U.S. inventories of distillates, including heating oil and diesel, dropped 2.2 percent in the seven days ended Nov. 16 to 115.5 million barrels, the lowest for this time of the year since 2000, Energy Department data show.
Sections of Western Europe, including the U.K. and Spain, will probably face lower-than-normal temperatures in the next three months, forecaster WSI Corp. said.
In the U.S., December’s weather will start off cooler than normal along the U.S. East Coast, said Matt Rogers, president of Commodity Weather Group LLC. Winter, measured by meteorologists from Dec. 1 to Feb. 28, may be 21 percent cooler than last year in terms of natural gas-weighted heating degree days, Rogers said. Last winter was the fourth-warmest on record in the contiguous 48 states.
Heating oil’s premium to West Texas Intermediate crude on Nymex, based on January contracts, jumped $1.37 to $40.22 a barrel. The January gasoil crack spread over Brent oil on ICE jumped $1.38 to $16.29 a barrel.
Israeli ground forces are poised to invade the Gaza Strip for the first time in almost four years amid efforts by Egypt and Turkey to help end exchanges of fire that have killed 96 Palestinians and three Israelis.
The decision whether to expand the Gaza operation or reach a cease-fire agreement “is rapidly approaching, and is a matter of hours, not even days,” Israeli Finance Minister Yuval Steinitz said in an interview today on Army Radio.
Futures also rose on optimism U.S. lawmakers can reach a budget compromise and avoid the so-called fiscal cliff, automatic tax increases and spending cuts scheduled to take effect next year.
“Everybody thinks we’re going to get through the fiscal cliff,” said Phil Flynn, senior market analyst at Price Futures Group in Chicago. “And with the risk over Israel, no one wants to be short.”
President Barack Obama is negotiating with a divided Congress to try and avert $607 billion in automatic tax increases and spending cuts.
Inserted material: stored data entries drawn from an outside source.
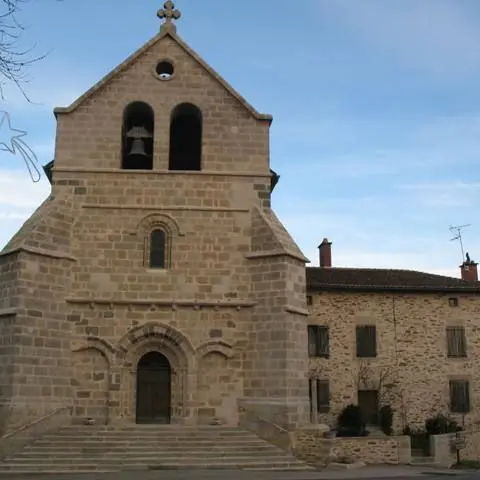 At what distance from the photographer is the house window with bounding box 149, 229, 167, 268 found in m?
18.6

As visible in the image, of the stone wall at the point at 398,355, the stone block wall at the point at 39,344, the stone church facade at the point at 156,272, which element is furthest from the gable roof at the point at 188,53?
the stone wall at the point at 398,355

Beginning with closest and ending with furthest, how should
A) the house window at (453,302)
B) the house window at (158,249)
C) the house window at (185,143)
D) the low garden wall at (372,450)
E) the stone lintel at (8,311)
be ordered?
1. the stone lintel at (8,311)
2. the house window at (158,249)
3. the low garden wall at (372,450)
4. the house window at (185,143)
5. the house window at (453,302)

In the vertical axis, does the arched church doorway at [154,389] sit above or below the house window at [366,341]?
below

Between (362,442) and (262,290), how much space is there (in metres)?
5.75

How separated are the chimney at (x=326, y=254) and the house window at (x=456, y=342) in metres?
6.07

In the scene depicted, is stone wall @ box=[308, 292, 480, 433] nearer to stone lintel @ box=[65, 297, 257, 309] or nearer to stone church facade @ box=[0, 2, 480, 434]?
stone church facade @ box=[0, 2, 480, 434]

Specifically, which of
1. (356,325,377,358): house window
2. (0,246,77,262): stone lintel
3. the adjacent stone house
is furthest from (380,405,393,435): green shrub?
(0,246,77,262): stone lintel

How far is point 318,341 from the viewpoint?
23.2 m

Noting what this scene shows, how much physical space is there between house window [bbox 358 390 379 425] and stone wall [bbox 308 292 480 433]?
0.21 metres

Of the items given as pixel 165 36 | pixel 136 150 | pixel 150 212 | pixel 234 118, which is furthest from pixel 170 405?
pixel 165 36

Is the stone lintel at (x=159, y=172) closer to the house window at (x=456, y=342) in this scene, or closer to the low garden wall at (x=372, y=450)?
the low garden wall at (x=372, y=450)

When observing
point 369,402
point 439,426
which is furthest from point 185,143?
point 439,426

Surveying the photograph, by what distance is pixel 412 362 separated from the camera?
23.5 meters

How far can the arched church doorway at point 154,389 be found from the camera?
17844 millimetres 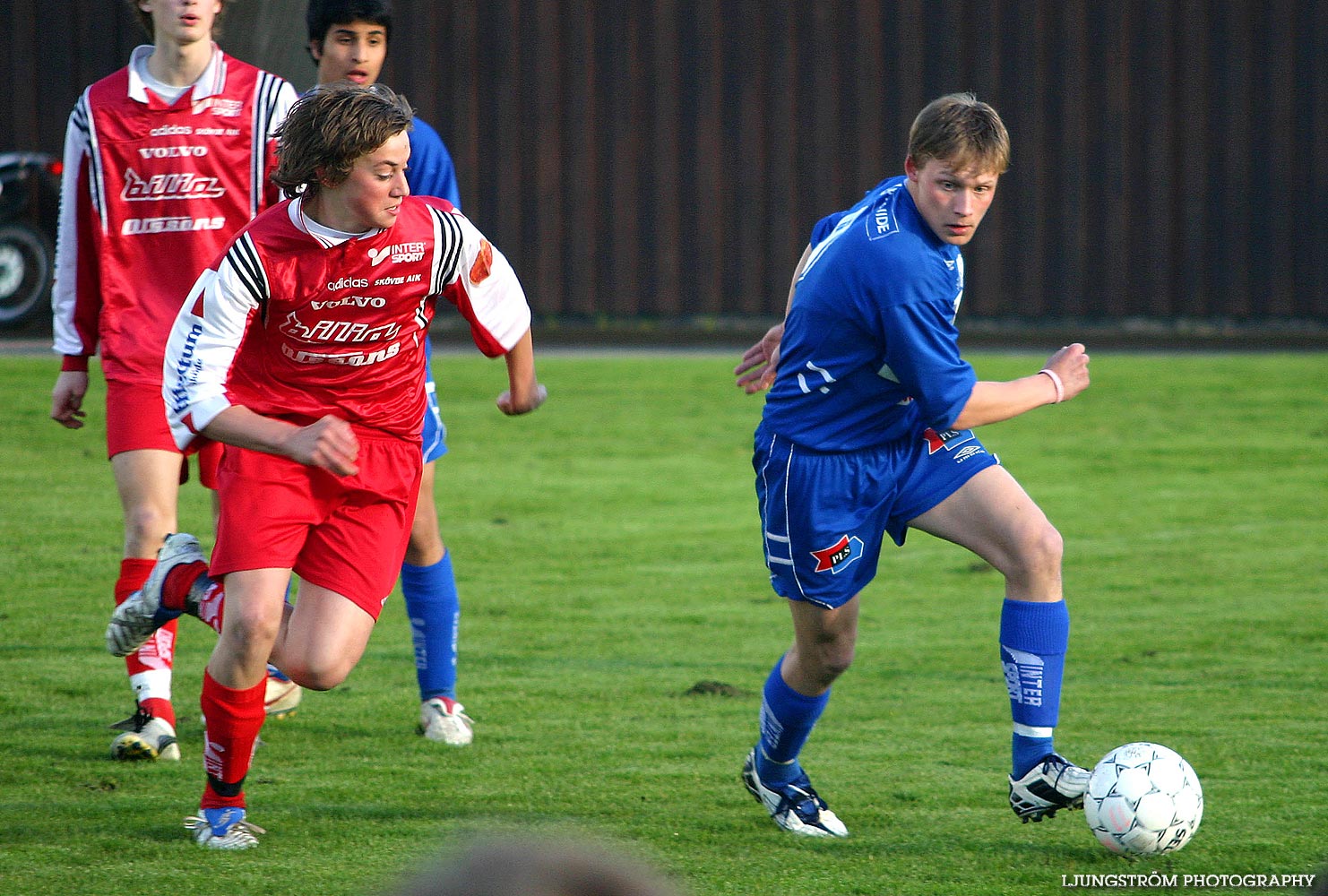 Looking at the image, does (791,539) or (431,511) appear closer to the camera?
(791,539)

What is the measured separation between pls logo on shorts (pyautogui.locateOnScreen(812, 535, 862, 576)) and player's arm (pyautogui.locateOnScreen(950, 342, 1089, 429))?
15.2 inches

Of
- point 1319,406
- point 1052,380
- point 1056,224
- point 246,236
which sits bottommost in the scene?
point 1319,406

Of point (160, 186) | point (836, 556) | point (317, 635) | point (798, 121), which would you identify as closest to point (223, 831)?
point (317, 635)

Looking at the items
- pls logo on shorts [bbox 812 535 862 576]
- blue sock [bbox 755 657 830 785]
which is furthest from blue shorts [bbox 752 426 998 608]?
blue sock [bbox 755 657 830 785]

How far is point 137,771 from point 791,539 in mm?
1982

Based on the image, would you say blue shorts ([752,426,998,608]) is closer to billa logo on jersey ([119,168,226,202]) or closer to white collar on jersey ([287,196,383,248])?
white collar on jersey ([287,196,383,248])

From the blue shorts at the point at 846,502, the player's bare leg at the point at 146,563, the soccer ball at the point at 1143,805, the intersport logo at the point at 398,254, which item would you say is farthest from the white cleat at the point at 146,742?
the soccer ball at the point at 1143,805

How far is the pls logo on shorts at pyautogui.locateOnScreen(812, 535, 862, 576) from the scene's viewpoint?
3.96 m

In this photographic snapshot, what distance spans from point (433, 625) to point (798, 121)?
1116 cm

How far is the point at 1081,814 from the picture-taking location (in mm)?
4367

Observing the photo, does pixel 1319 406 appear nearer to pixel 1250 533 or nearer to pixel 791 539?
pixel 1250 533

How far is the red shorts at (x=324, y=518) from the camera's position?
12.6 feet

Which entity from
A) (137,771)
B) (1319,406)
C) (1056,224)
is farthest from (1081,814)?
(1056,224)

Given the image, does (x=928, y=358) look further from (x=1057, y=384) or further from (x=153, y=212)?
(x=153, y=212) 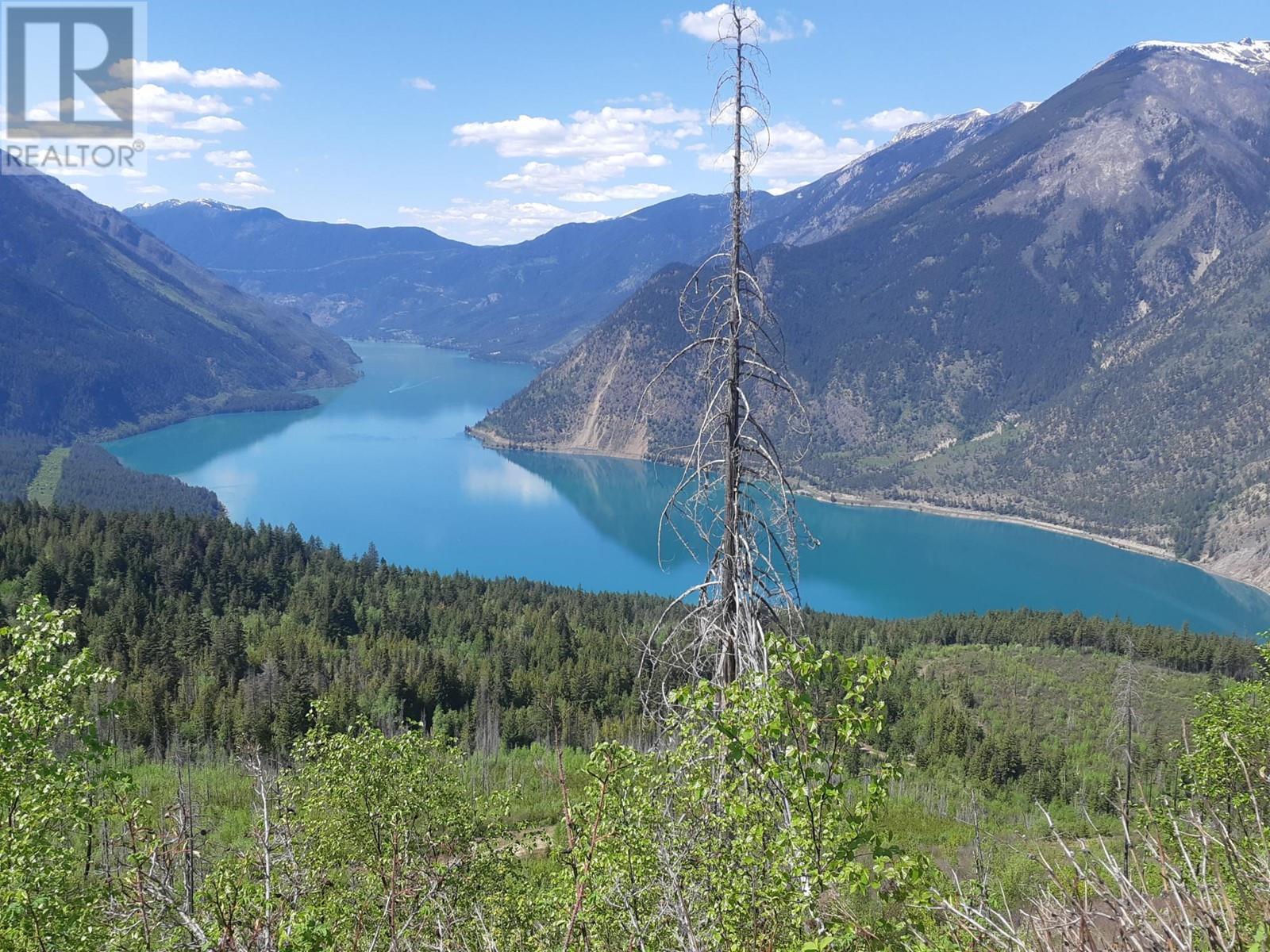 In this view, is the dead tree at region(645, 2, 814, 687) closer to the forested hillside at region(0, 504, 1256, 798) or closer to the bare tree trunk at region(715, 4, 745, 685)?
the bare tree trunk at region(715, 4, 745, 685)

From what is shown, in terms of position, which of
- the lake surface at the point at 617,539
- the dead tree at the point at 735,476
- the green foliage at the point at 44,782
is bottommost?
the lake surface at the point at 617,539

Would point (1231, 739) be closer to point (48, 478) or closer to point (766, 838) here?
point (766, 838)

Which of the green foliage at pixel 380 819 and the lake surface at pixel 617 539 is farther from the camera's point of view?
the lake surface at pixel 617 539

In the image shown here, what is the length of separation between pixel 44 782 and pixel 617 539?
119 metres

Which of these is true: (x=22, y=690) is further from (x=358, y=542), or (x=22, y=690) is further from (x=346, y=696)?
(x=358, y=542)

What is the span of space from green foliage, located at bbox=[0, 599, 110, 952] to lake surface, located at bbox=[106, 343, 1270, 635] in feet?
249

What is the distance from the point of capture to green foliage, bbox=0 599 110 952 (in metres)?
7.52

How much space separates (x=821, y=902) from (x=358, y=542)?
11214cm

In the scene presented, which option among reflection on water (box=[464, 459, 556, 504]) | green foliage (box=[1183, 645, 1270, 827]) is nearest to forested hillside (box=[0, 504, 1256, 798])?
green foliage (box=[1183, 645, 1270, 827])

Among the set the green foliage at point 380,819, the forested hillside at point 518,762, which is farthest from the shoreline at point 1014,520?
the green foliage at point 380,819

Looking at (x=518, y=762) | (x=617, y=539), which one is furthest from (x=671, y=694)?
(x=617, y=539)

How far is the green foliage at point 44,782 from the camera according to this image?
7.52m

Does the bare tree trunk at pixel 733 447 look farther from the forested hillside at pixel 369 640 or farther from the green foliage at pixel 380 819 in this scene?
the forested hillside at pixel 369 640

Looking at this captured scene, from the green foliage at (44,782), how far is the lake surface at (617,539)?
75.9 metres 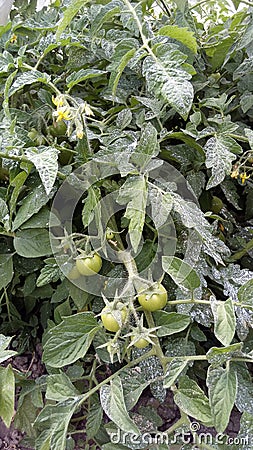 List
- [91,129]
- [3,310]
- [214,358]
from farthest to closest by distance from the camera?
[3,310] < [91,129] < [214,358]

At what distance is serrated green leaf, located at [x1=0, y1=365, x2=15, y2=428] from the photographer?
336 millimetres

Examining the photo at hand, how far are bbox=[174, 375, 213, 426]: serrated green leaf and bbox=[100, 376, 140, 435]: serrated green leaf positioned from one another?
3cm

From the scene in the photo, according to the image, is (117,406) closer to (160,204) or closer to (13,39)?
(160,204)

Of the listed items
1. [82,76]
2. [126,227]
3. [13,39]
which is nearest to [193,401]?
[126,227]

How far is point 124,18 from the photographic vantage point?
402mm

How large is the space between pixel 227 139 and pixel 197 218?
3.2 inches

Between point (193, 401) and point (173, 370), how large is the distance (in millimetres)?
22

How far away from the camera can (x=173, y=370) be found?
12.2 inches

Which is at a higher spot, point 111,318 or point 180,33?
point 180,33

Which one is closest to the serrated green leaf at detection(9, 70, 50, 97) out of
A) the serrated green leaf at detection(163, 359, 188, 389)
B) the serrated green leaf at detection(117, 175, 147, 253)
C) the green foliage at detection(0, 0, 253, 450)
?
the green foliage at detection(0, 0, 253, 450)

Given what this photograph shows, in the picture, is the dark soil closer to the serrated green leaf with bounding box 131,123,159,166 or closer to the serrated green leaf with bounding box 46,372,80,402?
the serrated green leaf with bounding box 46,372,80,402

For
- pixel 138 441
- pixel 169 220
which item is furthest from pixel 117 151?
pixel 138 441

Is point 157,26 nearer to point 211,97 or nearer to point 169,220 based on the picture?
point 211,97

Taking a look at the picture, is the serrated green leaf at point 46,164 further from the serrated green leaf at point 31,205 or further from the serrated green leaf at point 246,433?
the serrated green leaf at point 246,433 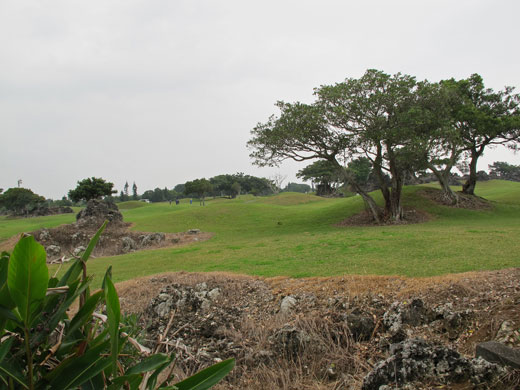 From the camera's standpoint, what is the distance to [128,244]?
2100 cm

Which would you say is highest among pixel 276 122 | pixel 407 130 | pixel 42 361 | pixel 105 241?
pixel 276 122

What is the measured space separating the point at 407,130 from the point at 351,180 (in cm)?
492

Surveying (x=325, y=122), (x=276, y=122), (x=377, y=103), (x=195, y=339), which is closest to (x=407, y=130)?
(x=377, y=103)

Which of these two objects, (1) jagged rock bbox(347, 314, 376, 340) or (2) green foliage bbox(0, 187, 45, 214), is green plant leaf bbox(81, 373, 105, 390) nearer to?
(1) jagged rock bbox(347, 314, 376, 340)

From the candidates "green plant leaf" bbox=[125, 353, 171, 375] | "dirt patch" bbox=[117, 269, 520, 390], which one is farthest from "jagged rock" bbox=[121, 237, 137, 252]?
"green plant leaf" bbox=[125, 353, 171, 375]

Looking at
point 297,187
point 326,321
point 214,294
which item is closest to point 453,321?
point 326,321

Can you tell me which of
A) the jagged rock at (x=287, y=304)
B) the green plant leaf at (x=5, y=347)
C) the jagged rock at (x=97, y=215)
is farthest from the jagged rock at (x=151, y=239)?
the green plant leaf at (x=5, y=347)

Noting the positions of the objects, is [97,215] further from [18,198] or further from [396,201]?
[18,198]

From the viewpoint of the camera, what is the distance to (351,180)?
22.5 metres

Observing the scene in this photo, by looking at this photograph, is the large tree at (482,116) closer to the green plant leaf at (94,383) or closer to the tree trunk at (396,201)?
the tree trunk at (396,201)

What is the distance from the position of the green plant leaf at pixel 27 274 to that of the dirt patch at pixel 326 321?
2.94 m

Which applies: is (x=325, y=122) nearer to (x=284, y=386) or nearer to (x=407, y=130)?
(x=407, y=130)

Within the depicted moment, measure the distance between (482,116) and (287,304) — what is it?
24.6m

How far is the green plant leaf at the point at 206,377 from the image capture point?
898 millimetres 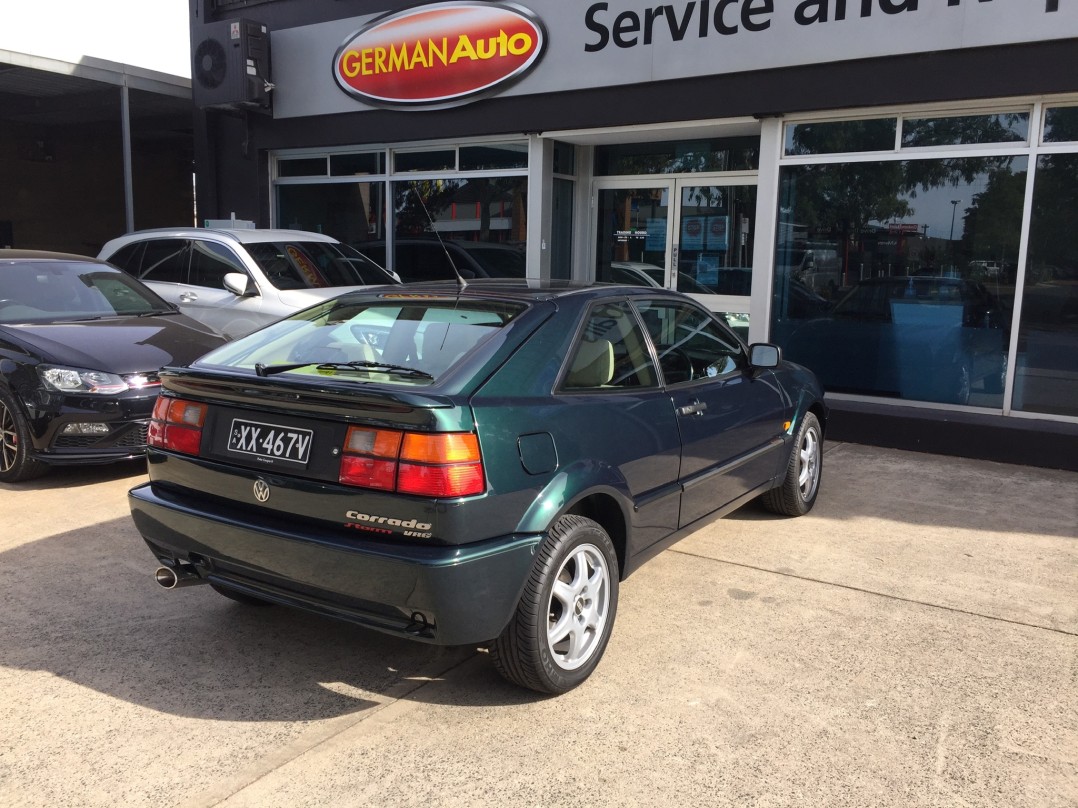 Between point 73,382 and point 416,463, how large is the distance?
399 cm

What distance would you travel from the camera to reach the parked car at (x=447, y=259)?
34.6 feet

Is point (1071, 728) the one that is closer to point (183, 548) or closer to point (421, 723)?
point (421, 723)

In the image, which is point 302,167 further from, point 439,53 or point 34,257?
point 34,257

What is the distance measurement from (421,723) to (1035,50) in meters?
6.87

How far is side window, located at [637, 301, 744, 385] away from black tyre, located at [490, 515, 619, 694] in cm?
105

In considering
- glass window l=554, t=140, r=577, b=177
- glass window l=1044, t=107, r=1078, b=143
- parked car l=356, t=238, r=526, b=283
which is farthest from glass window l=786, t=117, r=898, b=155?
parked car l=356, t=238, r=526, b=283

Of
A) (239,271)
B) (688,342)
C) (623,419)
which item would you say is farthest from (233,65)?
(623,419)

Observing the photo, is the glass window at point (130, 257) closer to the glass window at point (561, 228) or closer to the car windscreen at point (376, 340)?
the glass window at point (561, 228)

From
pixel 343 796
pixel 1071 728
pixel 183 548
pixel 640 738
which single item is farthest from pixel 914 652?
pixel 183 548

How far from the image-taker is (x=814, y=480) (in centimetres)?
588

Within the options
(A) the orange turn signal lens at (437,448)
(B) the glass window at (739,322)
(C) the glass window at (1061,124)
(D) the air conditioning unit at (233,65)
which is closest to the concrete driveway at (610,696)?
(A) the orange turn signal lens at (437,448)

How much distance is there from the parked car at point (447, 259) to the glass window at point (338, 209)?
24 cm

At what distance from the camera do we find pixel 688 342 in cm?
455

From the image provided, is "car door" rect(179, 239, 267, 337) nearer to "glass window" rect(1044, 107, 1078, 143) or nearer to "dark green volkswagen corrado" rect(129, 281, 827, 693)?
"dark green volkswagen corrado" rect(129, 281, 827, 693) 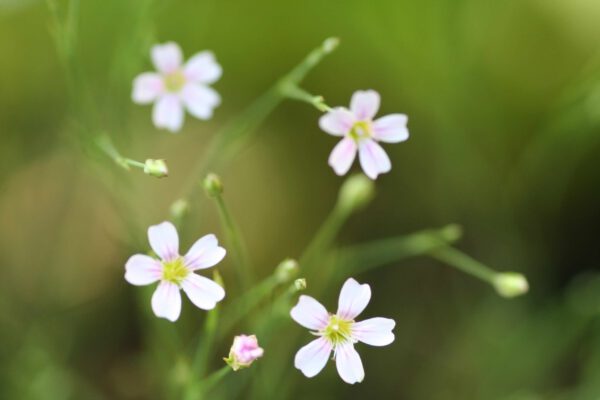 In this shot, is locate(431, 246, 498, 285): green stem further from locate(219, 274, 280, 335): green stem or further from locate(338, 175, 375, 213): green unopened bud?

Obama told reporters during a news conference in Bangkok yesterday that “I am confident we can get our fiscal situation dealt with.”
“The number one reason for the increase is the unrest in the Middle East and fear of that spreading and ultimately leading to supply disruption,” said Andy Lipow, president of Lipow Oil Associates LLC in Houston. “There’s also optimism that Congress will come to a compromise on the budget talks.”
Sales of existing houses U.S. homes climbed in October, increasing optimism that the economy will be stronger in 2013. Purchases of previously owned homes rose 2.1 percent to a 4.79 million annual rate, figures from the National Association of Realtors showed. The median price increased from a year ago as inventories dropped to the lowest in almost a decade.
“This is another sign the housing market is recovering,” Flynn said.
Gasoline for December delivery rose 4.44 cents, or 1.6 percent, to $2.7545 a gallon on the New York Mercantile Exchange, the highest settlement this month.
The average nationwide cost for regular gasoline slipped 0.2 cent to $3.416 a gallon, AAA said today on its website. That’s the lowest price since July 16. The pump price reached a 2012 high of $3.936 on April 4.